▶ **ACTIVITY**: Repeat the listing exactly. Do not carry over any pictures.

▶ **STORED DATA**:
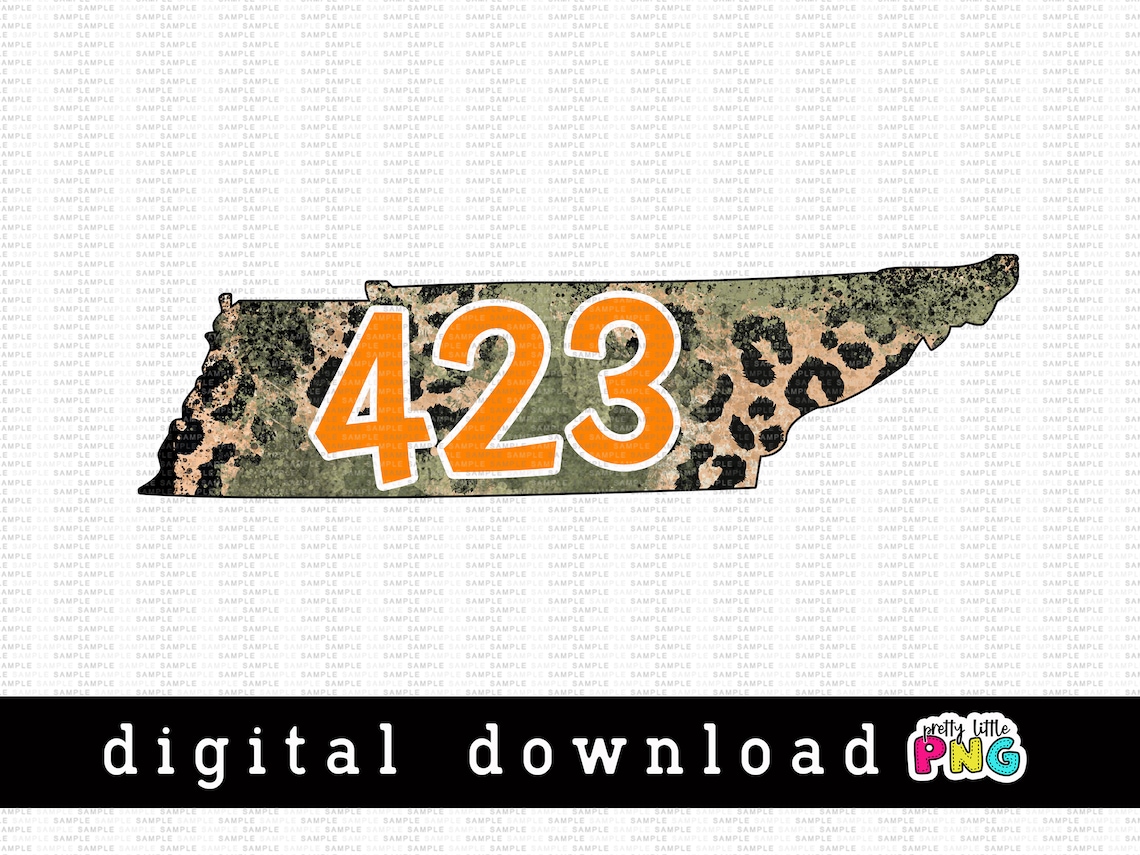 TN Tennessee 423 Area Code Sublimation PNG Digital | Etsy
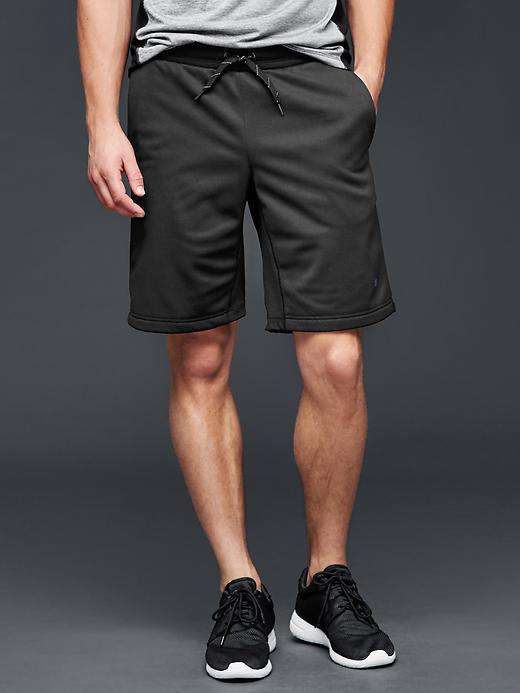 1 of 8 showing, with the color true black of product Fit fleece shorts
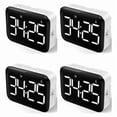 thumbnail image 1 of 4X Digital Kitchen Timer - Magnetic Countdown Count Up Timer with Large LED Display Loud Volume for Cooking and for Kids,4 x digital timer(not include batteries),White&Black, 1 of 7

▶ **ANSWER FOR THE TASK**:
 TN Tennessee 423 Area Code Sublimation PNG Digital | Etsy
 1 of 8 showing, with the color true black of product Fit fleece shorts
 thumbnail image 1 of 4X Digital Kitchen Timer - Magnetic Countdown Count Up Timer with Large LED Display Loud Volume for Cooking and for Kids,4 x digital timer(not include batteries),White&Black, 1 of 7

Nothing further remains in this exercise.